Fogg's assertion that the globe could be traversed in 80 days was based upon the assumed completion of the Trans-Indian Railroad. Upon discovering that it was not, he covered the distance on an elephant's back. Among several publications in the Serial Set on India is the interesting "Irrigation and Reclamation of Land as Now Practiced in India, Egypt, Italy, etc." 1875 (S.Exec.Doc. 94, 44-1). It also includes a number of nice maps and sketches.

Although there is little information on elephants within the Serial Set, there is a charming 1862 letter from the King of Siam to President Lincoln offering to send breeding pairs of elephants to America by means of which large herds of these useful beasts might be established in our "torrid zone" (S.Exec.Doc. 23, 37-2).

Written prior to the 1870s, one of the best Serial Set publications dealing with Singapore is the 1852 report to Congress from the President. This document reproduces 39 letters from one of our first diplomats stationed in Southeast Asia, Joseph Baslister, who opened the consulate in Singapore in 1850 (S.Exec.Doc.38, 32-1).

Fascinating from a variety of perspectives is "Consulate at Hong-Kong" (H.Exec.Doc. 20, 46-2). Among other things, this report includes the texts of 13 letters to and from Col. John Singleton Mosby, the Confederate guerrilla leader who after the Civil War turned Republican, became a friend of Grant and was appointed by President Rutherford B. Hayes as U.S. Consul in Hong Kong.

A valuable overview of the history and extent of slavery in China is contained in a report by the U.S. consul in Shanghai entitled "Expatriation and Slavery in China" (H.Exec.Doc. 60, 46-2). This document may not be another for the beach bag, given that I couldn't quite figure out what was meant here by "expatriation."

The most important publications on Japan in the Serial Set are the House and Senate editions of Perry's three-volume report on his expedition to Japan. If your library is fortunate enough to own these extremely pricey items, make sure they are in secure storage. However, for purposes of following Mr. Fogg, I will cite "Growth, Culture, and Preparation of Tea in Japan and China" from 1873 (H.Misc.Doc. 96, 42-3). Just how much tea was there in those two countries and how did they get so much?

Fogg and party take a Pacific Mail Steamship Co. packet from Yokohama to San Francisco. Among the 74 Serial Set publications that Readex has indexed to the Pacific Mail Steamship Co. is an 1872 document reporting on a Senate bill to increase funding for the trans-Pacific mail service, then provided under contract with the Post Office by Pacific Mail ( S.Rpt. 42-33).

Although there are many exotic locales in Verne's novels, he never traveled around the world; indeed he rarely left France. Notably, Verne makes much of the completion (more or less) of the Trans-Indian railroad in 1872, but makes no specific reference to the completion in 1869 of the American trans-continental railroad. Without the Trans-Indian railroad it should have been possible (by sailing around India) to still complete the trip in 80 days. However, without the American railroad it would have been impossible.

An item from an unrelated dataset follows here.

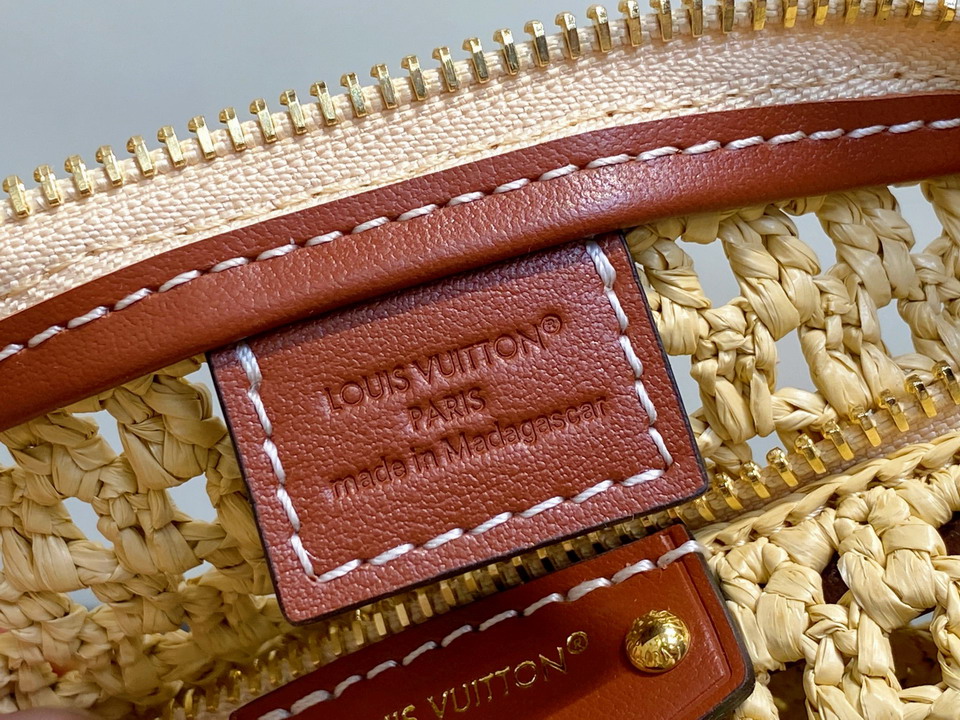 Hills Pochette M14304 18 5x11x6 5cm gf_9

There are almost 4,000 19th-century Serial Set publications about railroads, 550 from the 1870s and 50 from Fogg's year of 1872. For our purposes, I will cite one from 1861. Not only is it one of my favorites, it is not nearly as well known as it deserves. "Pacific Railroad" is a memorial to Congress from the Central Pacific Railroad Co., authored by their chief engineer Theodore D. Judah. Judah explains in detail that a practical route exists for a railroad across the California Sierra Nevada Mountains, and his work leads directly to the legislation that funds the first transcontinental railroad (H.Misc.Doc. 12, 37-2).

In a matter of a few paragraphs Fogg lands near Cork and travels across Ireland to Dublin from which he takes a ferry to Liverpool and then a train back to London for the exciting end of his adventure. There are 15 interesting Serial Set publications from the 1870s on Ireland, including "State of Labor In Europe," which includes in-depth information on Irish labor conditions in the 1870s (H.Exec.Doc. 5, 46-1).

So, there you have it—nowhere near 80 documents, but clear proof that the U.S. Congressional Serial Set offers wide-ranging publications that reveal surprising aspects of world history.